Senin, 20 Juli 2009

KEARIFAN DAN KEBODOHAN

Orang arif senantiasa membawa pena
yang menggoreskan tinta hikmah.
Orang bodoh senantiasa membawa
pedang untuk menumpahkan darah.

Siapa orang itu ?
Seseorang yang berwawasan luas dan berpengetahuan mendalam. Dengan keluasan berpikir dan kedalam ilmu, ia memiliki rasa berbeda dengan orang kebanyakan tentang hidup dan kehidupan, baik soal ketuhanan maupun alam semesta. Rasa berbeda itulah yang membuat orang arif senantiasa memiliki empati sangat tinggi mengenai sesuatu. Ia mampu memadukan kelurusan lisan, keteguhan hati., dan kecerdasan akal. Sehingga, ia sering kali merasakan "derita" lebih dulu bahkan sebelum orang yang menderita merasakannya.

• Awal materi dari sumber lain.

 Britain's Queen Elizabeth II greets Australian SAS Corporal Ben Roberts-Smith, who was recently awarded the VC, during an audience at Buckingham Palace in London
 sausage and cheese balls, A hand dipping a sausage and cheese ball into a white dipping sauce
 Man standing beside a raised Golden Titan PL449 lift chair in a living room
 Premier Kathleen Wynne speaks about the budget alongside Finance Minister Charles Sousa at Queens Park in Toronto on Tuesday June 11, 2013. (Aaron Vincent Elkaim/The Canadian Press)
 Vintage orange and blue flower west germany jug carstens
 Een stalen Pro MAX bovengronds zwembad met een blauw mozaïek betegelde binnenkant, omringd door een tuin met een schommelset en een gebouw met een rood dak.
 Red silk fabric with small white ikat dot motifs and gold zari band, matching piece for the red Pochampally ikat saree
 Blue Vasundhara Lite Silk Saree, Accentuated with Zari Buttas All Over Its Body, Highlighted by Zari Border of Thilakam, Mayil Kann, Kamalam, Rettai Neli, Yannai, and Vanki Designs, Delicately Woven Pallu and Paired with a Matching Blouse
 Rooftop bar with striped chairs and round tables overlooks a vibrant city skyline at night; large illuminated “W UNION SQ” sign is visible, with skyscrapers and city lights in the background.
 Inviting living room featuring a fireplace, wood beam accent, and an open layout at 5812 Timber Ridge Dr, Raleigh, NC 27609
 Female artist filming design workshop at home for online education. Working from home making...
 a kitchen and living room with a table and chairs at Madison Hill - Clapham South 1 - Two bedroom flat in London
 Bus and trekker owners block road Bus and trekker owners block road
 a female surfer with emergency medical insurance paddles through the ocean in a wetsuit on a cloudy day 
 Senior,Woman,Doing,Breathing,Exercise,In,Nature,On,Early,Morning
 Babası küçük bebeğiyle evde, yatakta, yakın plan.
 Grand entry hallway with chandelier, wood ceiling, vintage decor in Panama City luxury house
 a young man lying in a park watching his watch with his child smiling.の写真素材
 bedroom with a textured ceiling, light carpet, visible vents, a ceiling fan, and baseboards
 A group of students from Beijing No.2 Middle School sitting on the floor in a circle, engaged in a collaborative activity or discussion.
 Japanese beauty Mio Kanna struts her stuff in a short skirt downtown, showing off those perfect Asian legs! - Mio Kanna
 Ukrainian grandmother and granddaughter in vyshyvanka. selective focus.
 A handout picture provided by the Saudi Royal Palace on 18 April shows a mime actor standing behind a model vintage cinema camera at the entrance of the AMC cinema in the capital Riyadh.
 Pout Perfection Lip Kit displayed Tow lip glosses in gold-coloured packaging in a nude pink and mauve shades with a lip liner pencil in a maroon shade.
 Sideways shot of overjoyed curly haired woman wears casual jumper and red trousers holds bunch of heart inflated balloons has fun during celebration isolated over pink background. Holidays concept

Karena karakternya begitu lembut, ia selalu berusaha menjaga keseimbangan hidup. Kemana pun ia pergi, ia selalu menjaga keseimbangan itu. Ia menebarkan kata-kata yang menghidupkan semangat orang-orang lemah, meneguhkan hati yang bimbang, dan mencairkan kebekuan hati yang kaku dan kasar. Samudra hikmahnya meluber ke segala pencuru, menetes di hati manusia, dan menumbuhkan benih-benih kebahagian dan kedamaian.

Disisi lain, kita juga melihat orang yang keberadaannya justru kerap menjadi pemicu perselisihan. Mereka hidup dengan keyakinan dan pandangannya sendiri. Sebagian kalangan awam dan sebagian orang terpelajar. Mereka sangat bangga dengan ketekunan ibadah, merasa paling benar dalam memahami syariat. Mereka hidup dengan membangun komunitas khusus yang mereka jadikan alat proteksi dari pengaruh luar. Tetapi, mereka lupa bahwa mereka hidup dalam keragaman yang tidak bisa dibantah. Kemanapun mereka pergi, nasihat mereka berlumur kedengkian, menyerang pandangan orang lain, dan mempersiapkan ilmu semata untuk melemahkan argumen saudara mereka sendiri. Orang-orang seperti ini "mengobral" fatwa. Dari diri mereka lahir kalimat-kalimat yang "mencekam". Di setiap tempat yang mereka singgahi tumbuh benih-benih permusuhan. Dari orang-orang bodoh inilah pertumpahan darah bermula, sejak zaman para nabi dan rasul masih hidup hingga kembalinya Isa al-Masih kelak.

"Orang arif" atau "orang bodoh" bisa muncul dari kalangan awam sekaligus kalangan terpelajar (ulama, kiai, ustadz, guru, dosen, doktor ataupun profesor). Yang membedakan hanyalah kemampuan mereka mengendalikan diri (hawa nafsu).

Karena itu, jangan mengukur kearifan seseorang dari status atau gelarnya. Wallahu a'lam.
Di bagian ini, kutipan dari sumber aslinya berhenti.